The disclosures and allegations meant it was time for a “wholesale housecleaning,” including a personal apology to Merkel by President Barack Obama, and repercussions for Alexander, McCain said in an interview with the German news magazine Der Spiegel published today.
“Of course he should resign, or be fired,” McCain said when asked if Alexander should quit. It’s “conceivable” that Obama didn’t know about the eavesdropping, “but the fact remains that he should have known it. Responsibility always stops at the president’s desk,” he added. “Knowing how angry Angela Merkel was, he should have apologized.”
Merkel called Obama last month to demand clarification after Spiegel reported that German authorities had enough information to confront the U.S. over suggestions that the NSA may have tapped Merkel’s personal mobile phone.
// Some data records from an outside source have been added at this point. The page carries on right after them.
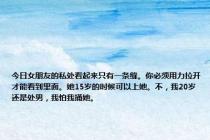今日女朋友的私处看起来只有一条缝。你必须用力拉开才能看到里面。她15岁的时候可以上她。不，我20岁还是处男，我怕我捅她。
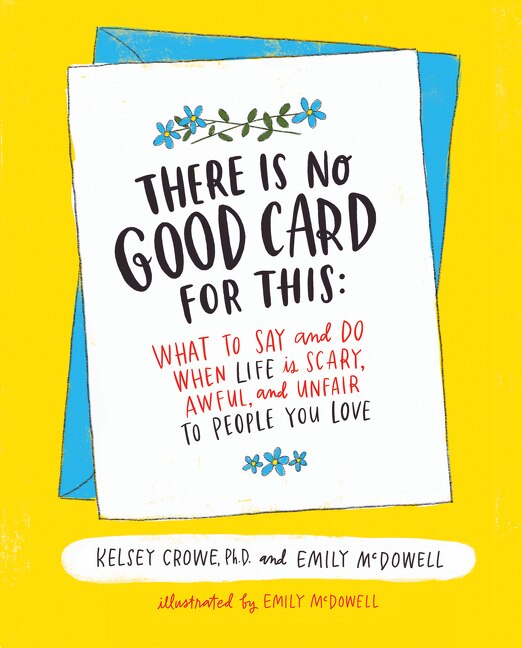 There Is No Good Card for This by Kelsey Crowe, Hardcover | Indigo Chapters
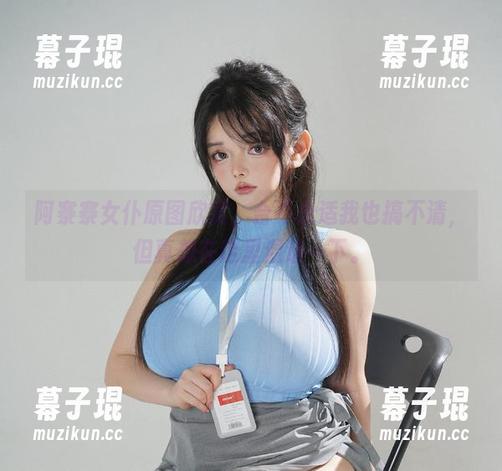 阿寨寨女仆原图欣赏，合不合适我也搞不清，但真想在这里混迹一下。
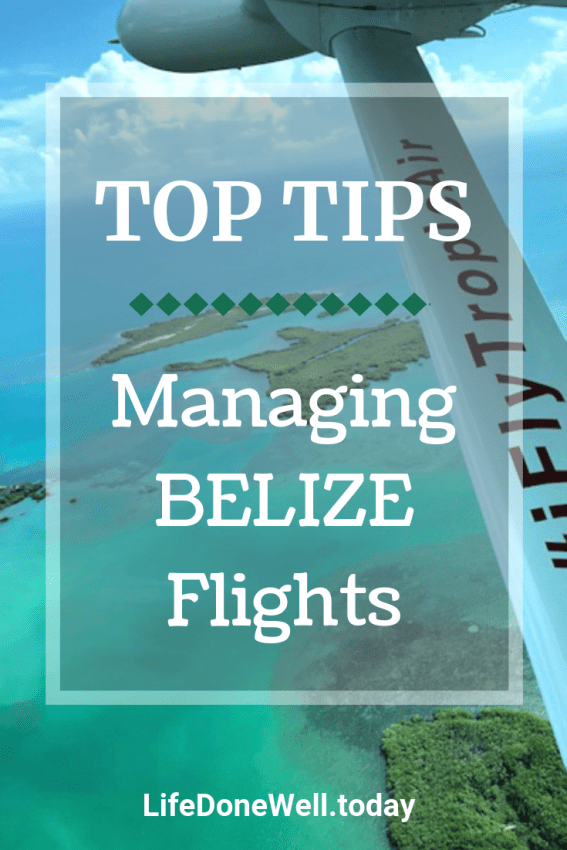 tips for managing belize flights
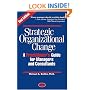 Strategic Organizational Change, Second Edition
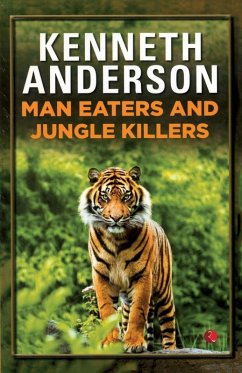 MAN-EATERS AND JUNGLE KILLERS - Kenneth Anderson
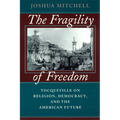 The Fragility of Freedom: Tocqueville on Religion, Democracy, and the American Future
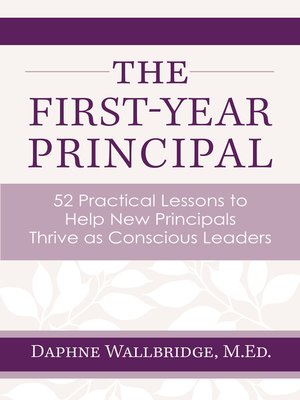 cover image of The First-Year Principal: 52 Practical Lessons to Help New Principals Thrive as Conscious Leaders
While the revelations risked a rift over broader U.S. surveillance of German citizens, Merkel’s government made clear last week that its trans-Atlantic relationship with the U.S. was paramount and would ride out the spying scandal.
McCain, a former presidential candidate who sits on both the Senate Committee on Foreign Relations and the Committee on Homeland Security and Government Affairs, said the allegations of phone tapping had overstepped “certain boundaries.”
He proposed the Obama administration set up a commission to make recommendations on intelligence gathering in the post-Sept. 11, 2011, world, including “credible people here and around the world” such as former U.S. Defense Secretary Robert Gates and ex-Secretary of State Condoleezza Rice.
“Friends spy on friends, we all know that, but there have to be certain boundaries,” McCain said. “Those boundaries were probably, to some degree, there because we didn’t have the capabilities we have now. But when you go to the point where you invade someone’s privacy, the leader of certainly Europe, if not one of the foremost leaders in the world, Angela Merkel, then it was a mistake.”
Asked how damaging it would be to U.S.-German relations if Germany were to grant asylum to former contractor Edward Snowden, the source of many of the intelligence leaks, McCain said that Merkel “would never consider such a thing.”
“We’re too good friends,” he said.
McCain’s spokesman didn’t immediately respond to an e-mail sent outside of U.S. office hours asking him to confirm the interview.